CJEU: Additional hotel services may be subject to a higher VAT rate

The judgment of the Court of Justice of the European Union of 5 March 2026 in joined cases C-409/24, C-410/24 and C-411/24 concerned the permissibility of national tax rules that limit the application of a reduced VAT rate exclusively to short-term accommodation services in hotels and similar establishments, while excluding additional services such as parking, breakfast, Wi-Fi access or the use of recreational facilities from that rate.

 

The referring court from Germany raised doubts as to whether the national mechanism separating the taxation of such services was compatible with Article 98 of the VAT Directive, which allows the selective application of reduced rates to categories of services listed in Annex III of the Directive. In particular, the issue concerned situations in which certain services – although economically ancillary to accommodation – must be excluded from the reduced rate under national law if they do not serve the accommodation service directly.

The Court confirmed that Member States have the right to introduce rules selectively applying a reduced VAT rate only to clearly defined elements of a broader category of services, even if, from the customer’s perspective, they constitute a single composite supply. This entitlement arises from the structure of Article 98 of the VAT Directive, which allows a departure from the standard rate but, as an exception, must be interpreted strictly. The CJEU indicated that the selective application of a reduced rate requires the fulfilment of two conditions: first, the identification in national law of specific and distinct aspects of a given category of services to which the reduced rate applies; second, compliance with the principle of fiscal neutrality, which requires that similar services – from the perspective of the average consumer – be treated in the same way.

In the case at hand, the Court held that the German regulations satisfied both conditions. First, the national legislator clearly and precisely defined which services fall within the scope of “short-term accommodation” benefiting from the reduced rate (e.g. furnishings, bedding, cleaning, basic room equipment) and which services are not directly related to accommodation and should therefore be subject to the standard VAT rate. This distinction was further clarified in administrative guidance on the application of VAT, which specified both categories of services. The CJEU considered such differentiation to meet the requirement of identifying “specific and distinct” aspects, since the German legislator objectively and predictably distinguished between services eligible for the reduced rate and those subject to the standard rate.

The second condition concerned the compatibility of the mechanism separating the services with the principle of fiscal neutrality. The Court indicated that, in order to assess this, it is crucial to determine whether the additional services – such as parking, breakfast, access to fitness facilities or Wi-Fi – are comparable to services provided independently by other businesses and whether, from the perspective of the average consumer, they are interchangeable.

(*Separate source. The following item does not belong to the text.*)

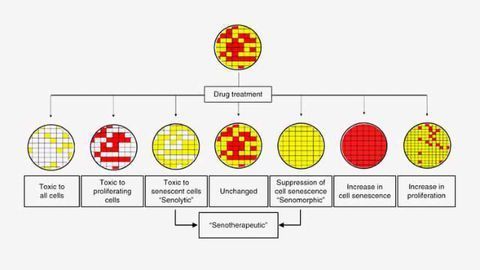 Screening Method Identifies Compounds that Extend Lifespan in Mice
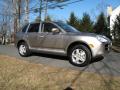 2006 Cayenne S #9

If the same services, when provided outside a hotel by independent operators, are subject to the standard VAT rate, applying a reduced rate to them as part of a hotel stay would infringe the principle of fiscal neutrality. The CJEU concluded that the German rules comply with this principle because they require the application of the standard rate to services which, although ancillary to accommodation, are also commonly offered as standalone services on the market.

The judgment also includes important considerations regarding the relationship between the concept of a composite supply and the possibility of selectively applying reduced VAT rates. The Court clearly stated that the analysis of supplies from the perspective of the average consumer – typically used to determine whether a supply constitutes a single composite service – does not apply where a Member State exercises its power to identify and selectively tax certain services. This means that even if, from an economic perspective, breakfast or parking constitutes part of a single accommodation service, the legislator may, in accordance with the VAT Directive, treat them separately for the purposes of determining the applicable VAT rate. The CJEU emphasised that this constitutes an exception resulting from the structure of Article 98 of the Directive, which grants Member States discretion in selectively applying reduced rates, provided that objective criteria are used and the principle of fiscal neutrality is respected.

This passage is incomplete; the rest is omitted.